ずいぶん古いCDで恐縮である。もちろんこのCDはとっくの昔に廃盤であろうが、再発されて今も手にはいるのかどうかはちょっと調べてみたけれど、不明だった。
1964年2月11日ニューヨーク録音のこの録音は、後にグラモフォンに入れ直したものに比べて私ははるかに気に入っている。グラモフォン盤のテンポにちょっとついていけないままである。その内聞き直してみようかと思ってはいるが…。
若いバーンスタインのこの録音。今はお気に入りとなったフォステックスのヘッドフォンで聞いているが、とても良い録音で、解像度も素晴らしい。演奏ノイズ(パート譜をめくる音など)も盛大に入っていることも付記しておく。

第1楽章からバーンスタインの解釈は奇抜なところは全くなく、正攻法そのものだ。ニューヨーク・フィルハーモニックを存分に鳴らしているが、ロシアのスヴェトラーノフなどの演奏のように沈没しそうなほどのロマンの海に漂うようなところはなく、筋肉質のマッチョなチャイコフスキーとなっている。
だから、第3楽章は最高の出来だし、終楽章もベタベタにならない。
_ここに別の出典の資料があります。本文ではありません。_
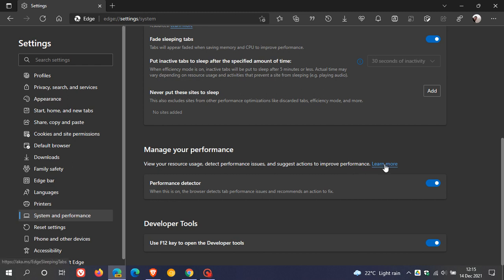If I click on learn more, currently it just takes me to a blank page, so this is obviously still early days as most features in Edge Canary are. The actual Performance Detector says when this is on, the browser detects tab performance issues and recommends an action to fix. This is toggled on by default, and if you don't want to use the feature, you can just turn that off.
ニューヨーク・フィルと言えば、彼以降、ロクな評判を聞かなかったけれど、その時にいつもついて回るのは、個々の奏者のポテンシャルはとても高いのだが…という一節であった。
なるほど、こんな演奏ができるオケなのだということと、バーンスタインというとてつもないスターの後は誰がなっても比べられ、徹底的にけなされるということなのだろう。
そう言えば、未だにスイス・ロマンド管弦楽団にエルネスト・アンセルメの幻を見ようとしているのが日本の音楽ファンではないだろうか?サヴァリッシュやシュタインがあそこのシェフになっていた時代は、滅多に日本に紹介されず、満を持してアルミン・ジョルダンがなった時にマーラーをレパートリーに加えただけで、あーだこーだと言われ、その後任のファビオ・ルイジなども日本公演ではエルネスト・アンセルメで知られているレパートリーをプロモーターから要求されたそうだ。
話が横道に逸れてしまった。

終楽章で彼はホントに男泣きに世界を歌い上げる。迫真の演奏だ。シンフォニックで極めて力強い音楽の運びである。
そして、有名な銅鑼の音の後の静寂に世界は特に印象的。畳みかけるような展開の後だけにその強い対比が胸に突き刺さる。
この頃のバーンスタインの録音ってハズレがないなぁとつくづく思った次第である。